:: TASK ITEM ::
Drop all images and give the records again exactly.

Image-text web data
[Start of section]

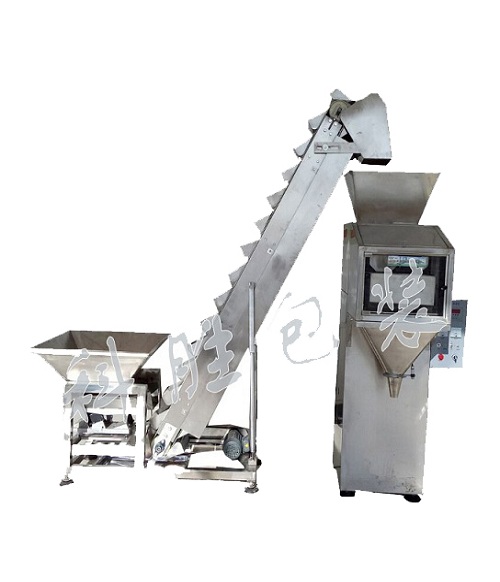 颗粒称重包装机|饼干称重包装机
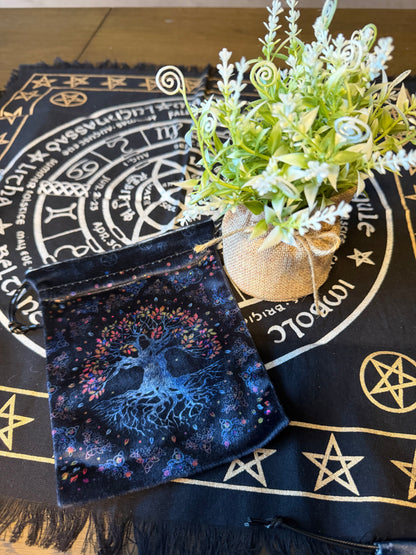 Tarot Pouches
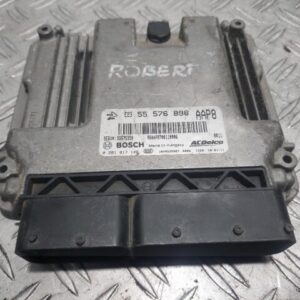 ECU Calculator motor Opel Astra J 2.0 CDTI cod 55576896 ECU Calculator motor Opel Astra J 2.0 CDTI cod 55576896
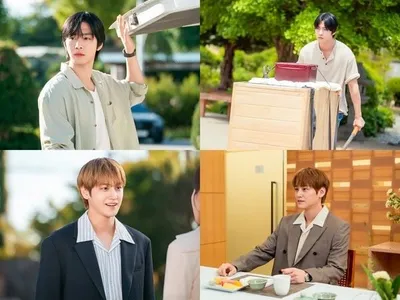 '오늘도 매진했습니다' 겉바속촉 안효섭 VS 겉따속따 김범, 여심 저격할 극과 극 매력 대방출!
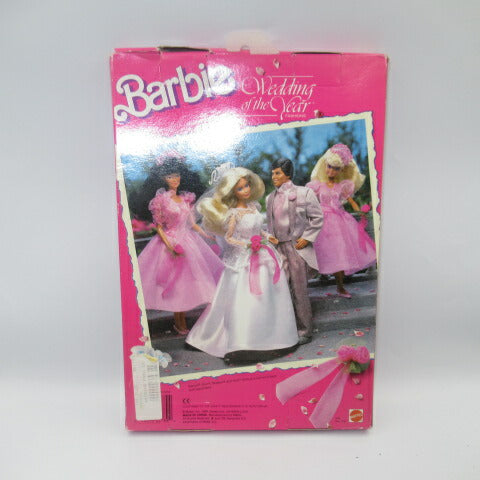 1989年★80's★KEN★ケン ★洋服★着せ替え★ Wedding Of The Year★ドレスセット★フィギュア★人形★Barbie★バービー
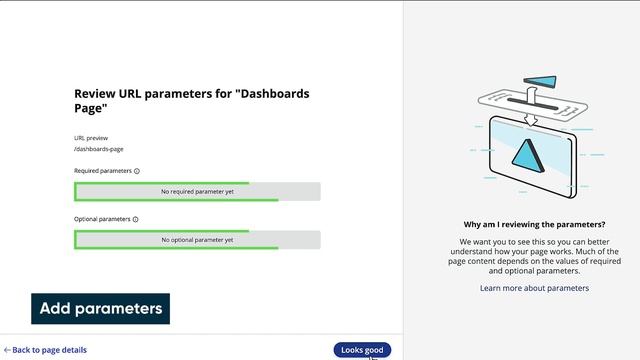 UI Builder | Create a page from a legacy template смотреть онлайн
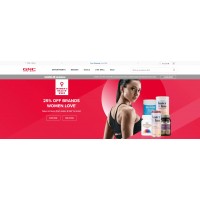 GNC♥健安喜-保健食品⚑滿額免運優惠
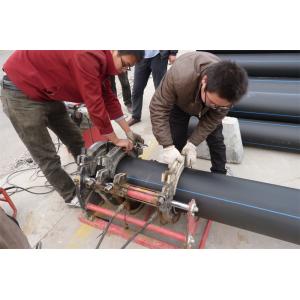 Customized Diameter Dia32-1800mm Dredging HDPE Pipe Bolts Nuts Washers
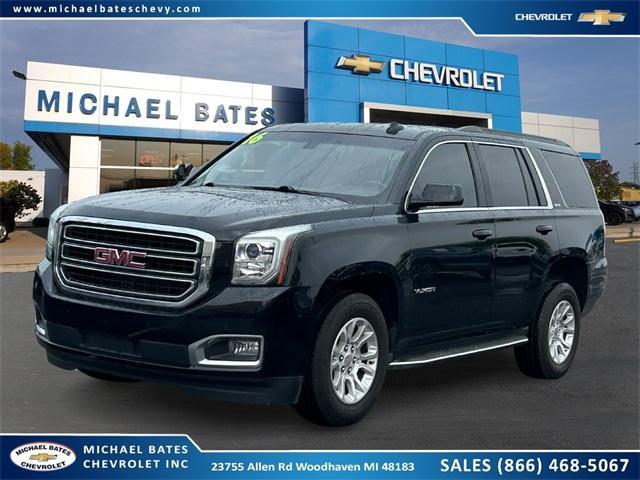 2016 GMC Yukon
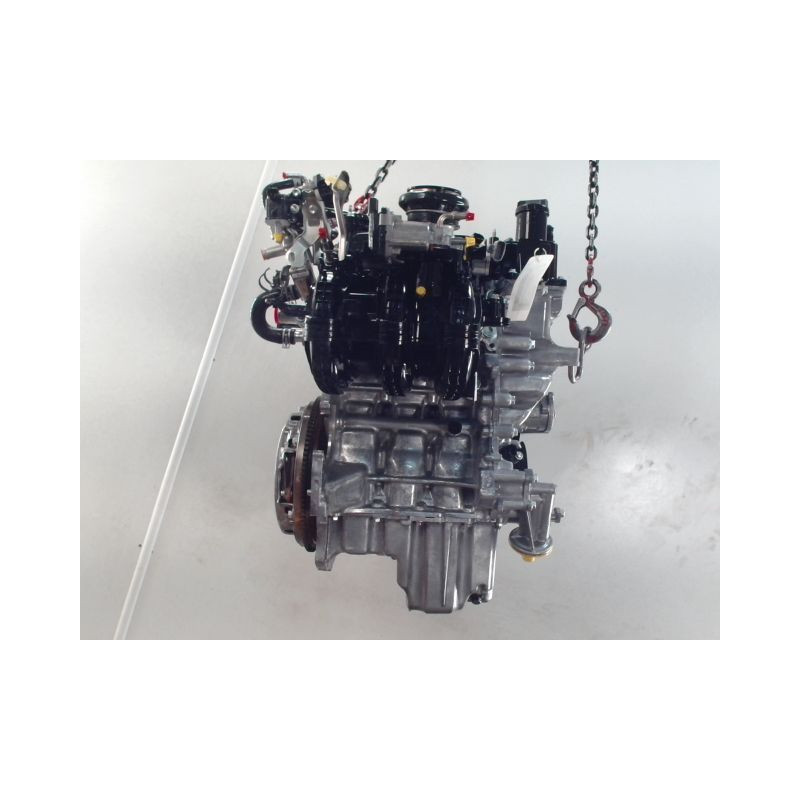 MOTEUR ESSENCE CITROEN C1 1.0 VTi 72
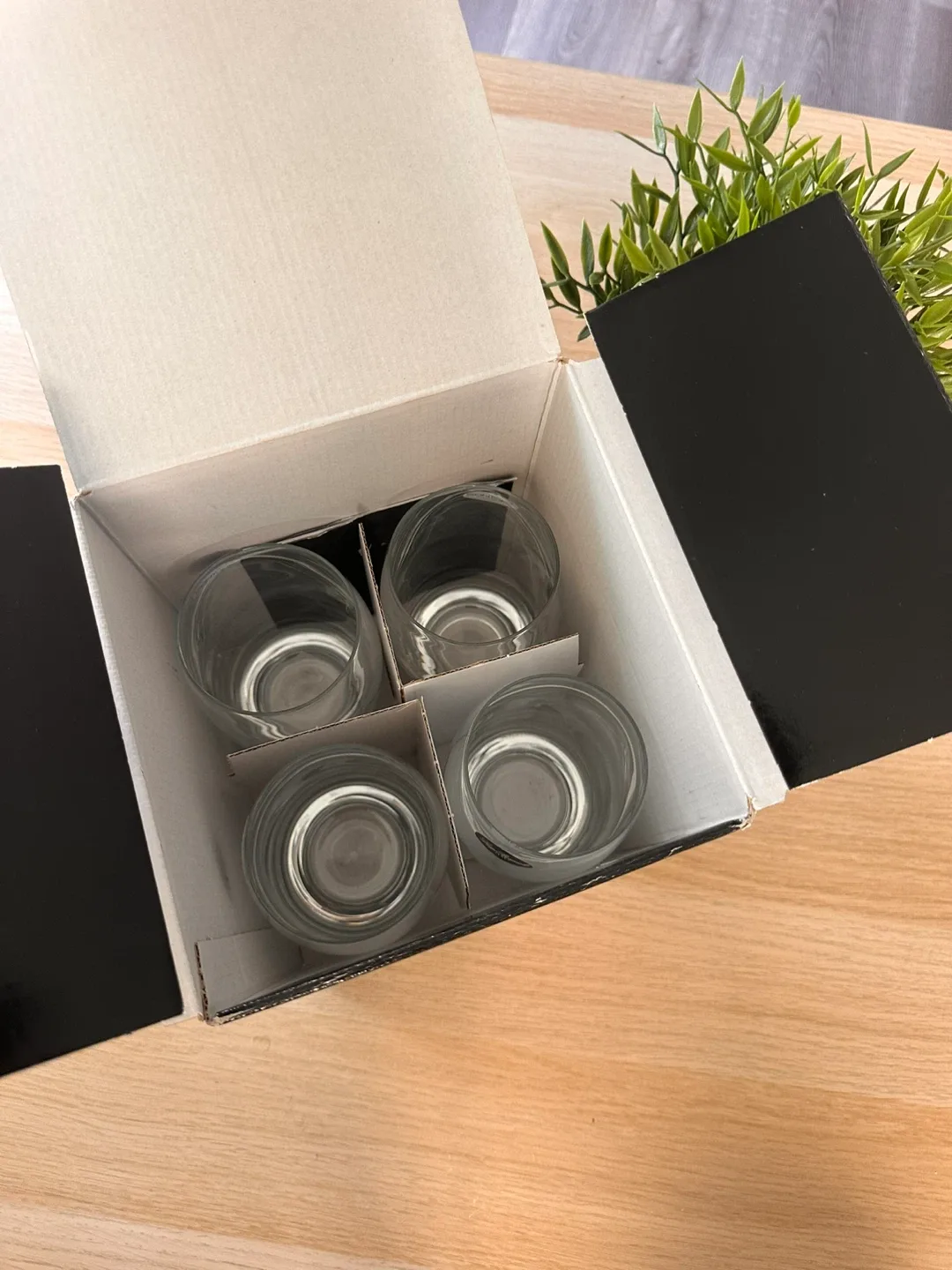 Luigi Bormioli Crescendo Beverage Glasses, Set of 4 image indicator(2)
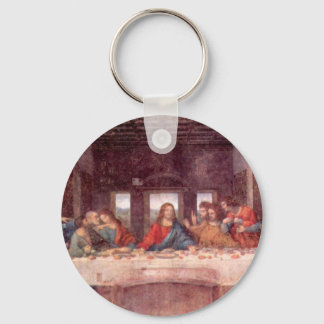 Leonardo da Vinci - The Last Supper Key Ring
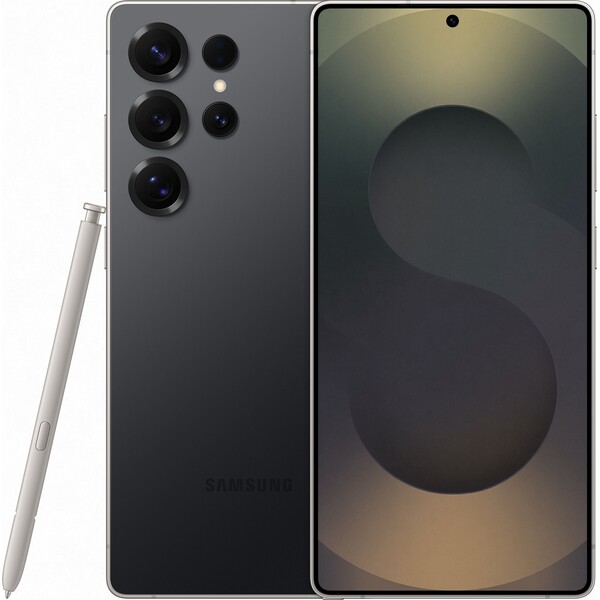 E-shop Samsung Galaxy S25 Ultra 5G 12GB/512GB čierny titán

[End of section]

:: REPLY TO THE EXERCISE ::
 颗粒称重包装机|饼干称重包装机
 Tarot Pouches
 ECU Calculator motor Opel Astra J 2.0 CDTI cod 55576896 ECU Calculator motor Opel Astra J 2.0 CDTI cod 55576896
 '오늘도 매진했습니다' 겉바속촉 안효섭 VS 겉따속따 김범, 여심 저격할 극과 극 매력 대방출!
 1989年★80's★KEN★ケン ★洋服★着せ替え★ Wedding Of The Year★ドレスセット★フィギュア★人形★Barbie★バービー
 UI Builder | Create a page from a legacy template смотреть онлайн
 GNC♥健安喜-保健食品⚑滿額免運優惠
 Customized Diameter Dia32-1800mm Dredging HDPE Pipe Bolts Nuts Washers
 2016 GMC Yukon
 MOTEUR ESSENCE CITROEN C1 1.0 VTi 72
 Luigi Bormioli Crescendo Beverage Glasses, Set of 4 image indicator(2)
 Leonardo da Vinci - The Last Supper Key Ring
 E-shop Samsung Galaxy S25 Ultra 5G 12GB/512GB čierny titán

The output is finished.